The CSP Fellow as Practitioner
A variety of opportunities are provided throughout the CSP for each Fellow to acquire competencies and experiences that match that student’s interest, background and unique composition of strengths and weaknesses. Beyond routine tasks, each Fellow is able to pursue projects and assignments, which expand the Fellow’s competencies and contribute significantly to the assigned organization and to the education of the children of Texas.
The Cooperative Superintendency Program provides the doctoral student a variety of special field-based learning experiences.

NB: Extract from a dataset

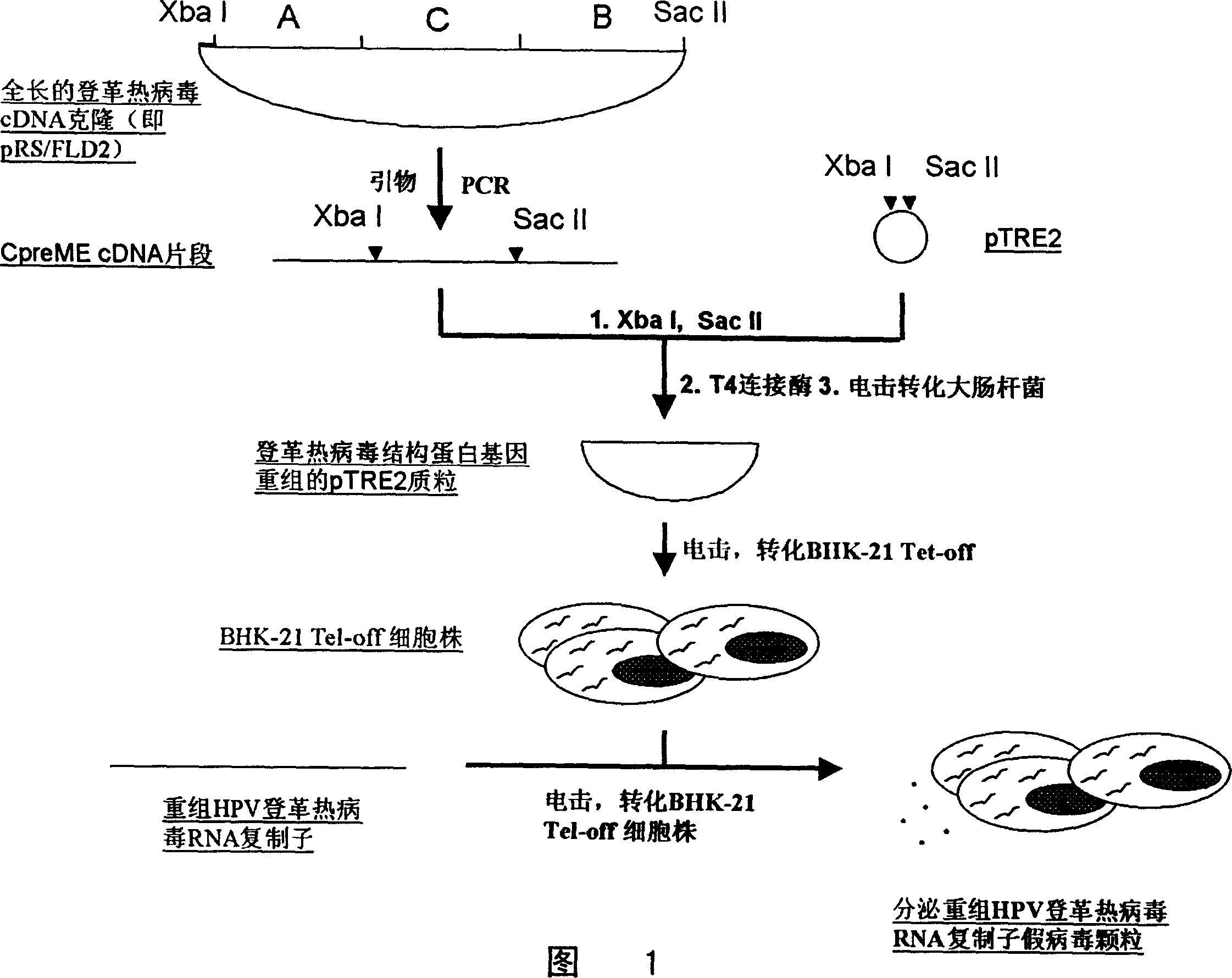 False virosome vaccine with recombinant replicon of dengue fever virus as carrier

Throughout the first two years of the program the fellows are expected to participate in major professional educational conferences and in the initial fall semester they will be paired up with a mentor superintendent who is also an adjunct faculty member of the department.

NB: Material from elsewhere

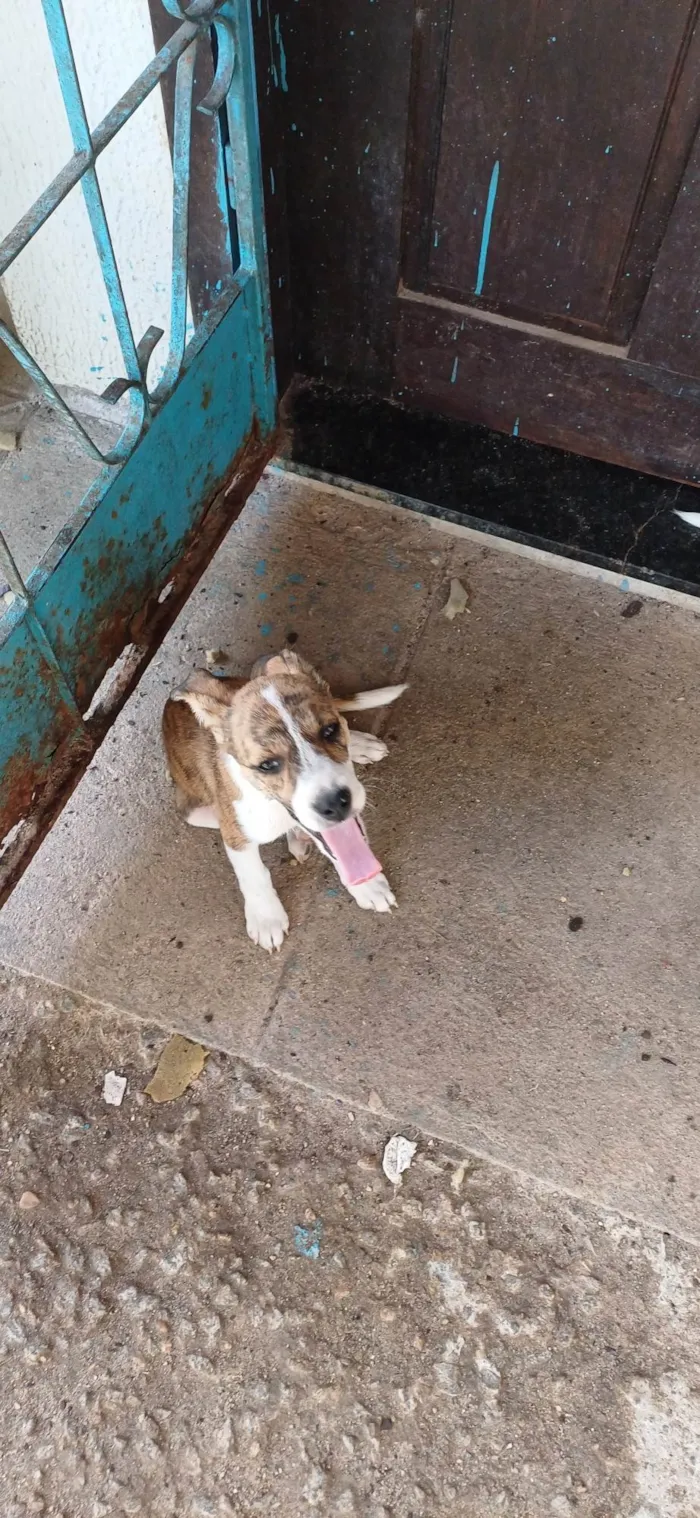Cachorro ra a SRD-ViraLata idade Abaixo de 2 meses nome Não coloquei nomes ainda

Other learning opportunities include professional visits to and observations in a representative sample of school districts; various training and consultation roles with school boards, superintendents, administrators and teachers; and familiarization with significant professional organizations and individuals in education at state and national levels.
While the CSP is a full-time program of studies, class schedules are organized to allow Fellows to maintain their current full-time professional positions. A combination of traditional coursework, independent directed research, and field experiences provide rich opportunities for CSP Fellows to balance theory and practice, as well as develop higher order thinking and decision making skills.
The CSP Fellows
In tandem with the University of Texas at Austin, the CSP acknowledges that while we take pride in our well designed and executed program, and our nationally recognized faculty, true success of the CSP is measured in great part by the quality of its Fellows. The CSP seeks Fellows who possess the desire and aspiration to be among a select group of world-class educational leaders, as well as possess the incumbent capacity to successfully complete an intensive and rigorous doctoral program of study.
Program provisions rest upon assumptions that CSP candidates:
- Represent broad ranges of experiences and high levels of expertise
- Demonstrate evidence from previous positions in education of a commitment to student learning
- Demonstrate a command of the foundations of professional knowledge and skills requisite for mid-management administrators acquired from university graduate study (usually 45 hours or more) and field experience
- Possess a sheer intellectual prowess and curiosity sufficient to engage in scholarly and clinical-setting acquisition of professional knowledge and value-commitments
- Are equipped to grow professionally and rise dramatically high in leadership positions
- Exhibits a style of performance that evokes acceptance by others, including being creative, and task-oriented, and open to new ideas and change
- Possess sufficient confidence needed to invest twenty-seven months of professional and family life in the stressful and consuming endeavor
- Aspire to be a Superintendent
- Strongly desire to be a Fellow in the Cooperative Superintendency Program.
These profile components are dimensions along which candidates display their relative readiness to pursue superintending in the real world of public schools.